Dar es Salaam. South Asia container trade with Europe continues to outpace the Middle East, says Drewry in its Container Insight Weekly report.

Container shipments in the combined eastbound Europe to the Middle East and South Asia trade performed well in the first quarter, rising by 5.2 per cent year-on-year according to Container Trade Statistics.

However, that aggregate rate hides two very different performances by the two destinations. CTS reports that inbound traffic to South Asia soared by 18 per cent in 1Q18 to reach approximately 410,000 TEUs, whereas Middle East imports declined by 2 per cent to land at about 590,000 TEUs.

The same divergent story continued into April as Europe to Middle East traffic was down by 1.6 per cent, versus a 22.3 per cent jump for South Asia imports.

There was a much more balanced picture for the westbound trade as exports from the Middle East and South Asia to Europe were much more closely aligned than they were in the opposite direction.

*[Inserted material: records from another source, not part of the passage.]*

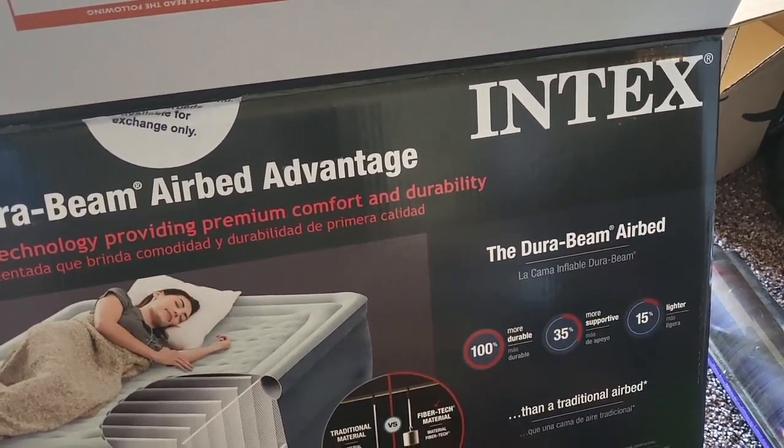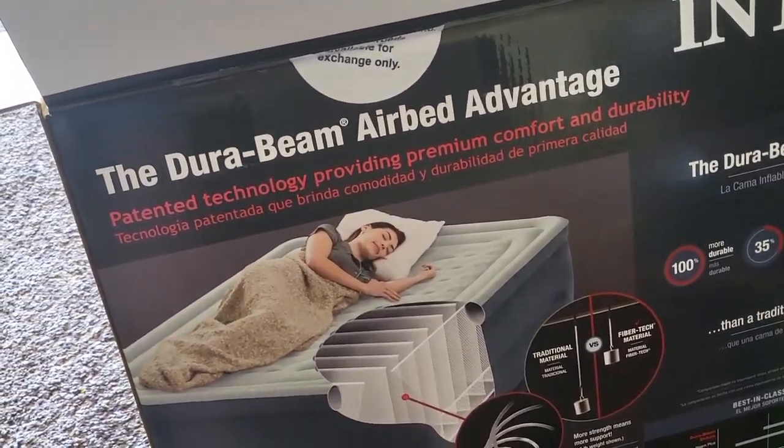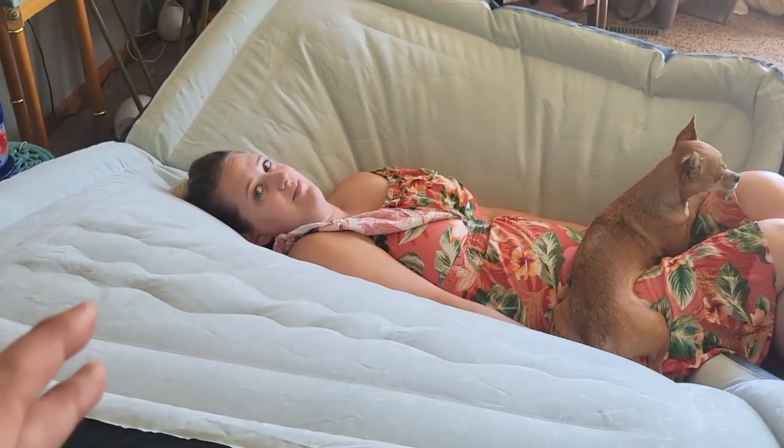What's up guys? Quick look at the Intex ZuraBeam airbed. This thing is nice — I was laying on it all day. Right now we are letting the air out of it. This thing is solid. I was honestly laying on it today thinking it kind of felt like a waterbed.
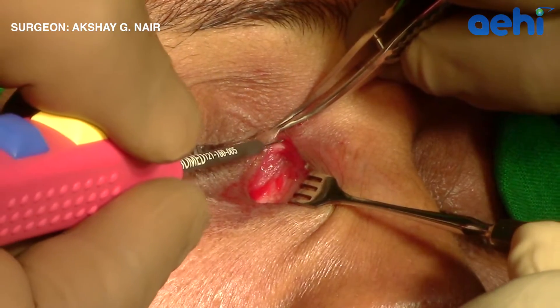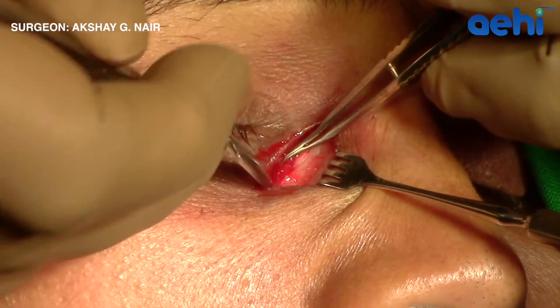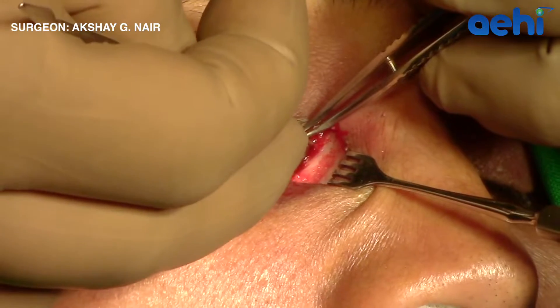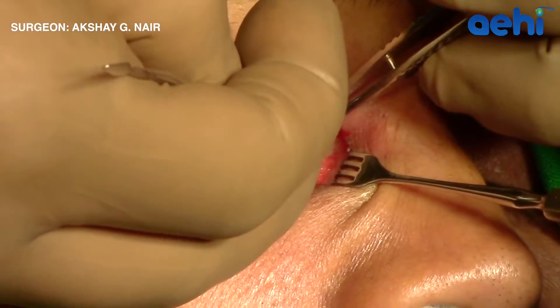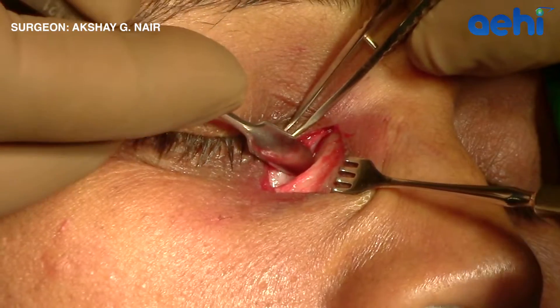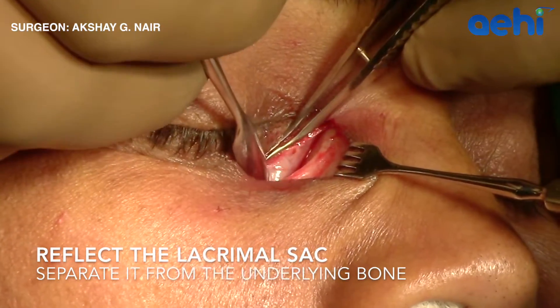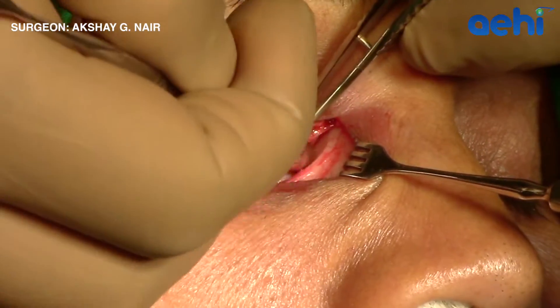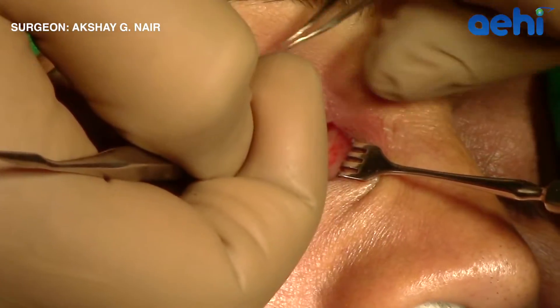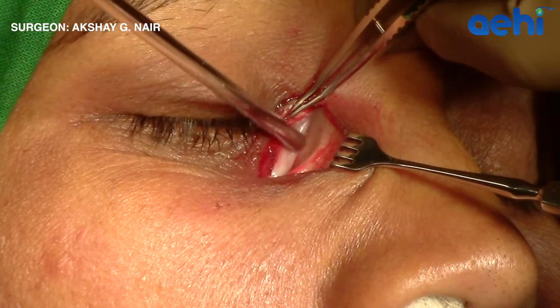It is important to cut this in order to access the fundus of the lacrimal sac. Using a periosteum elevator, the lacrimal sac is then carefully separated from the anterior lacrimal crest and the lacrimal sac fossa underneath. This is carried out right down inferiorly where the lacrimal sac continues as the nasolacrimal duct, and superiorly till the fundus of the sac is separated from the bone.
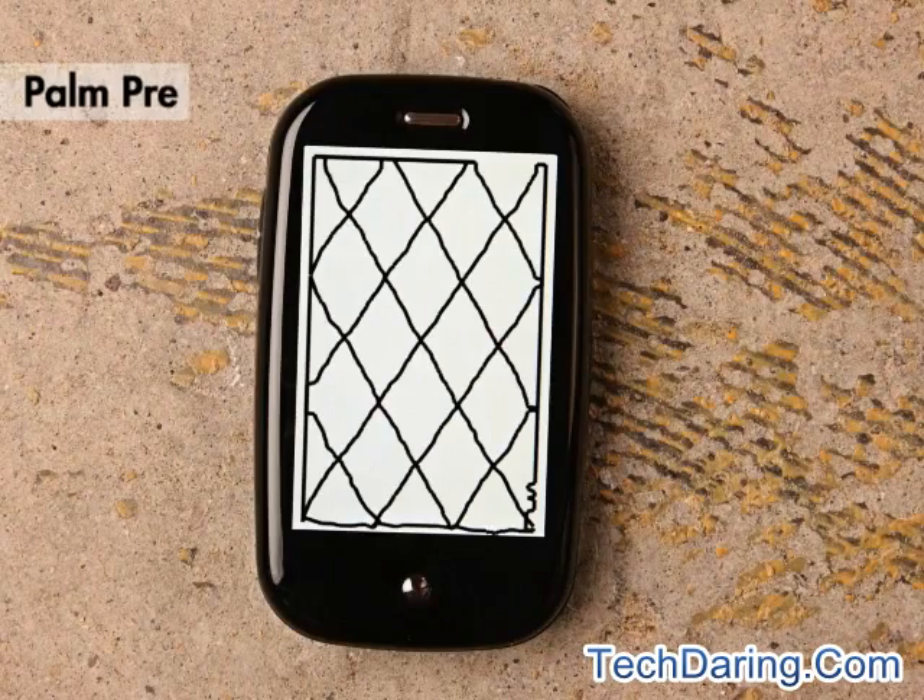The Palm Pre shows good linearity with a little bit of waviness, but near the edges of the screen it does show some inaccuracies.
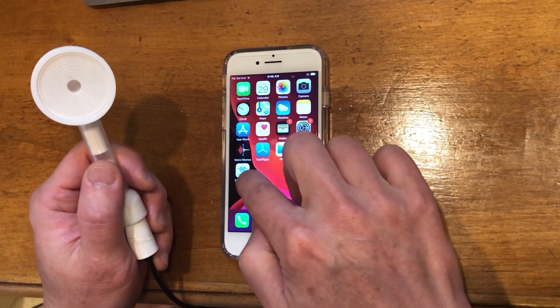The Bluetooth stethoscope and digital stethoscope has existed for a while, but they've all been very expensive. This is an inexpensive design — less than $20 — and it's very simple to use.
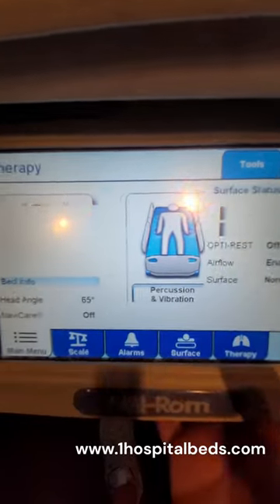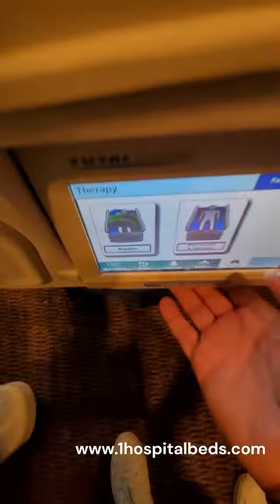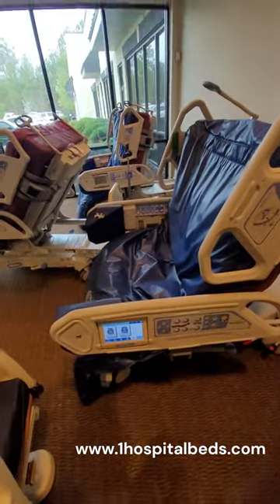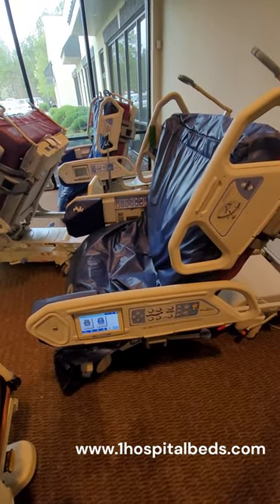So you have percussion vibration. We go back here to therapy, and it'll also turn the person. So if you're looking for a hospital bed that sits fully into a chair and has a percussion feature, these Total Care beds are your best.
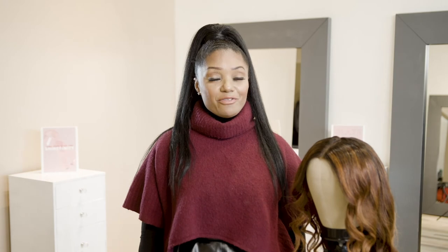Thank you for joining me today for my transformation using Shinefinity Zero Lift Long Lasting Color Glaze.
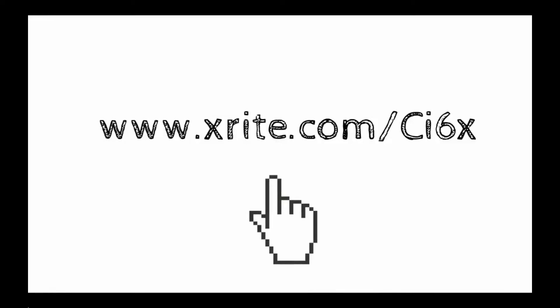Want to learn more? Visit xrite.com/CI6X.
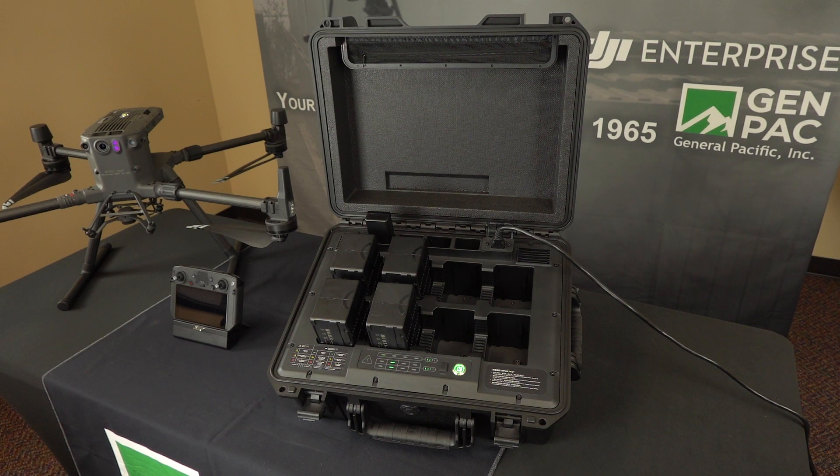Hey guys, Aaron with Genpak here. Just wanted to do a quick video for you on the TB60 charging case from DJI. This thing will store 8 TB60 batteries that are going to be utilized on your M300 RTK drone, along with 4 WB37s that will be utilized in the controller.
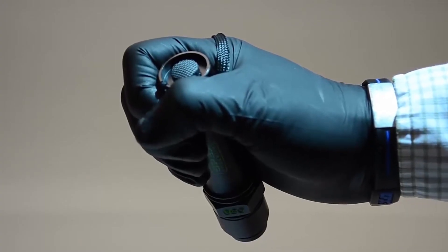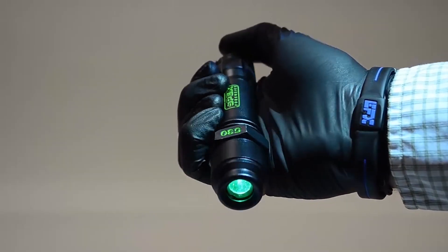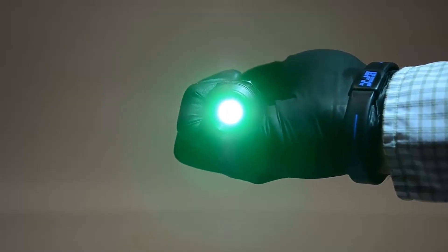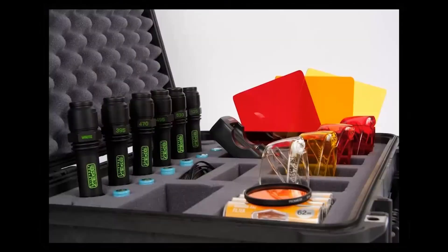With a push button start and zero warm up time, the Focus provides a minimum of two hours of run time on a fully charged battery. The Focus comes standard as a kit of six wavelengths, including the appropriate goggles and camera filters, all accessories packed into one case for easy transportation.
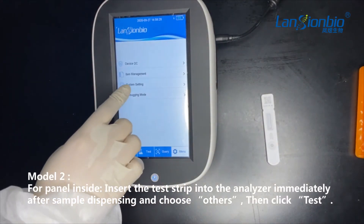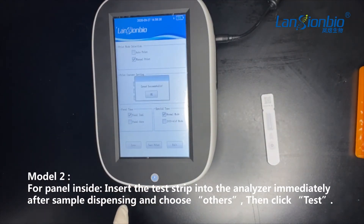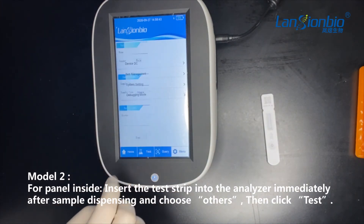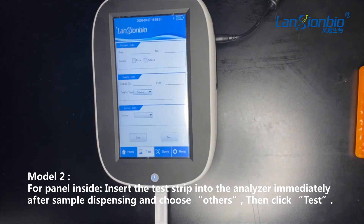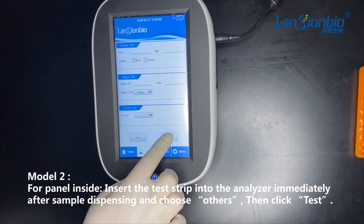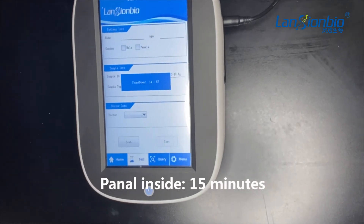Model 2, for panel inside. On the contrary, if you don't have too many samples to test, it will be better to choose this model. You can change the model in the menu, like what we do in the video. Insert the test strip into the analyzer immediately after sample dispensing and choose others, then click test. It needs 15 minutes for reaction inside for every single specimen.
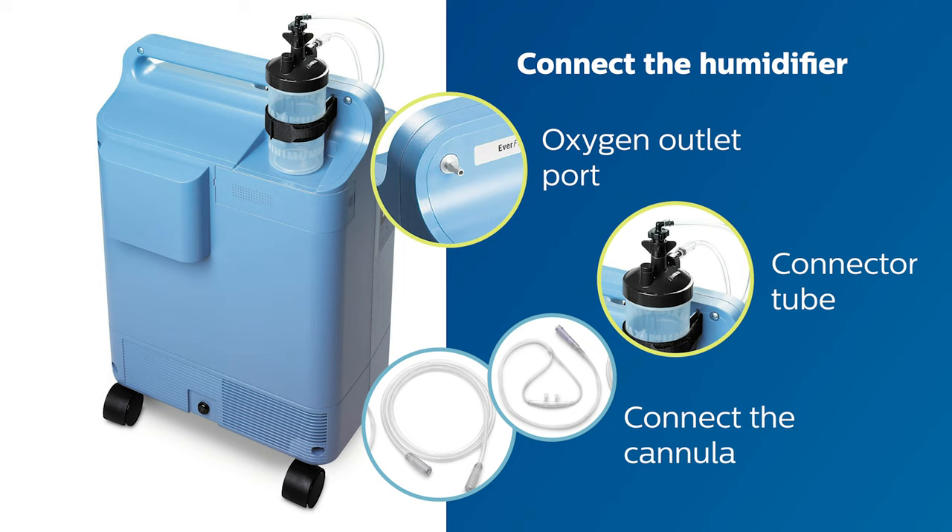If you are not using a humidifier, simply connect the nasal cannula to the oxygen outlet port, as shown here.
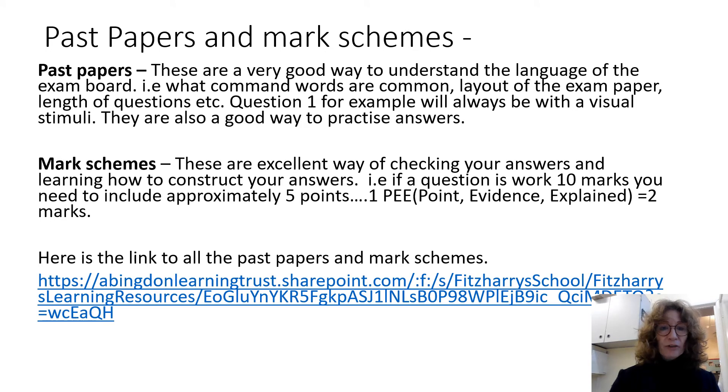Past papers and mark schemes are also a really good way of getting used to the paper. None of them will be exactly the same, but you will find out how the paper is set up. For example, you'll always know that question one is going to be responses to pictures or photographs — it could be cooking methods, how to make choux pastry or bread. Question two is usually reading data and responding to data in a graph or chart. You can get used to the language of the paper, how many marks are on offer, and how the paper works. So please use past papers just to know what to expect.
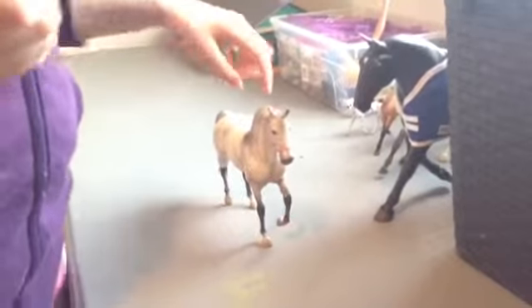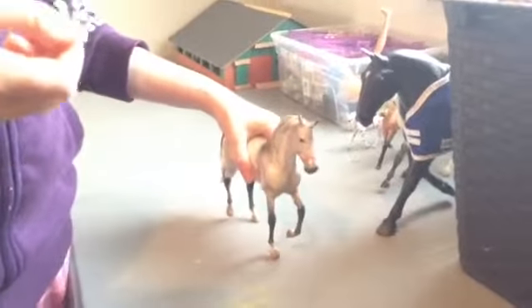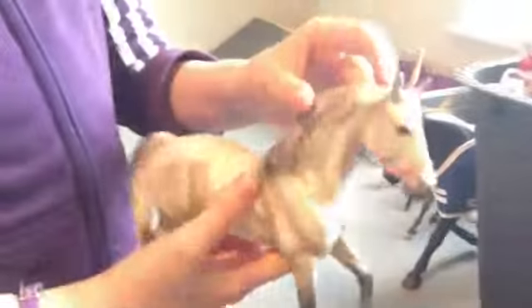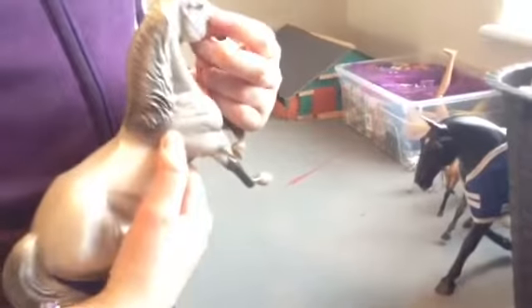Hi everyone, today I'm going to show you how to make a lead rope out of a loom band. The head collars on the internet for toy horses are pretty expensive for toy horse stuff.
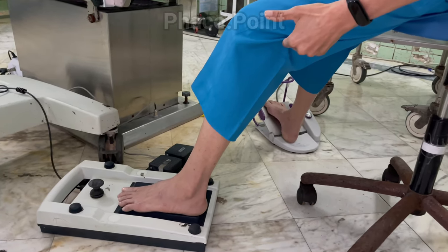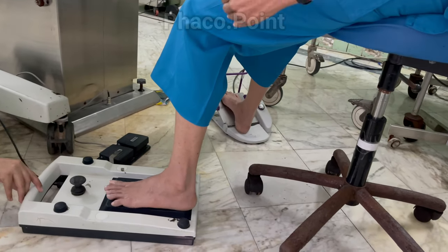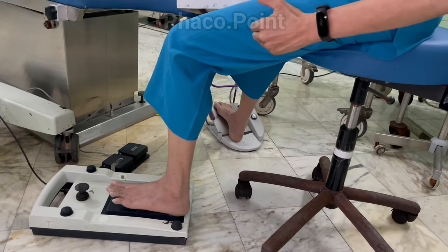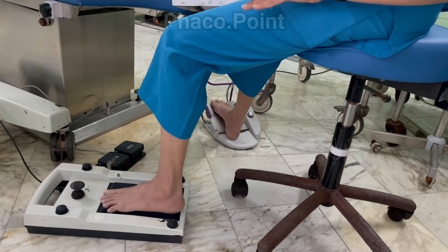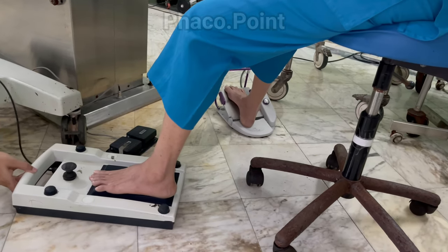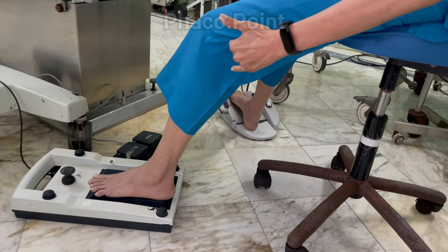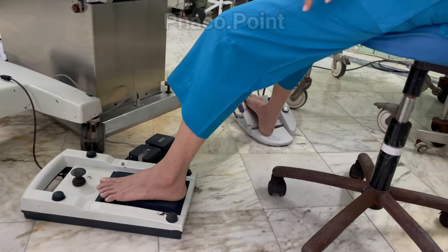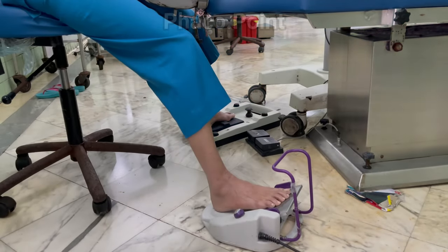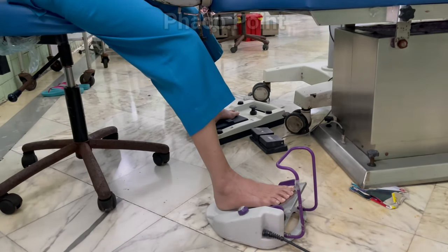An angle greater than 90 degrees allows for ease of dorsiflexion and plantarflexion of the foot. If the foot pedal is too close — giving an angle less than 90 degrees — it makes these movements more difficult. I prefer to keep the foot pedals slightly further away to give a slightly obtuse angle, which allows me to very easily negotiate the microscope foot pedal. A similar angle should be maintained for the foot on the phaco pedal as well.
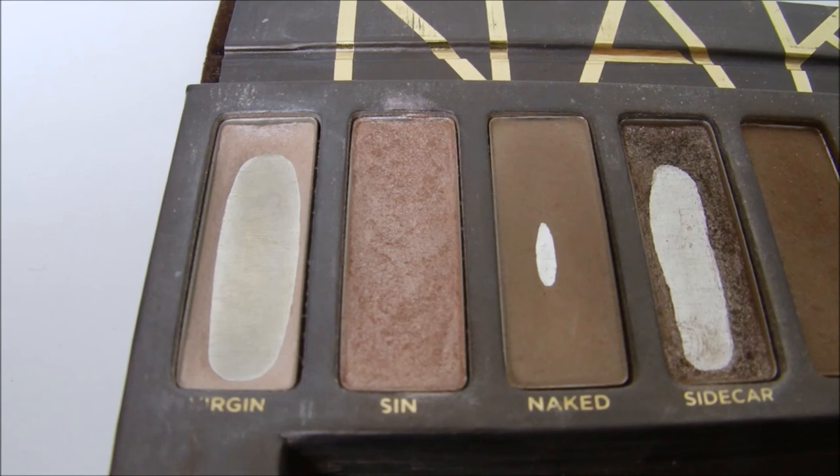Taking the Sin color from Urban Decay Naked One with a little brush, I'm blending Virgin and all those brown shades together. Sin has a lot of shimmer but it's not too bright — kind of a white shade — so it blends these colors really nicely and makes the whole eye look pop and my eyes look bigger. Then I'm touching up the Virgin color where eyeshadow flung over where it wasn't supposed to go, and highlighting my brow bones. Then I take a clean blending brush and blend all around my eye so there are no harsh lines and everything looks as blended and smoked out as possible.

Middle East exports rose by 10 per cent in the first quarter to nearly 225,000 TEUs while outbound shipments from South Asia increased by 8.2 per cent to about 525,000 TEUs.

After four months of 2018 the momentum is strongest for trade in both directions to/from South Asia as well as with westbound exports from the Middle East.

On a rolling 12-month average basis, growth from Europe to South Asia topped 10 per cent after April and 8 per cent in the opposite direction. The outbound trade from the Middle East clicked up to 6.4 per cent, but inbound trade is still languishing at nearly -2 per cent. Capacity adjustments in this corridor have largely come from the addition of larger ships to existing services.

Drewry notes only one new service start-up in recent months, the ME6 service (three ships of between 2,500-4,300 TEUs) from Maersk Line, which connects the Spanish hub Algeciras with the Red Sea ports of Aqaba and Jeddah before calling at Port Said on the return leg.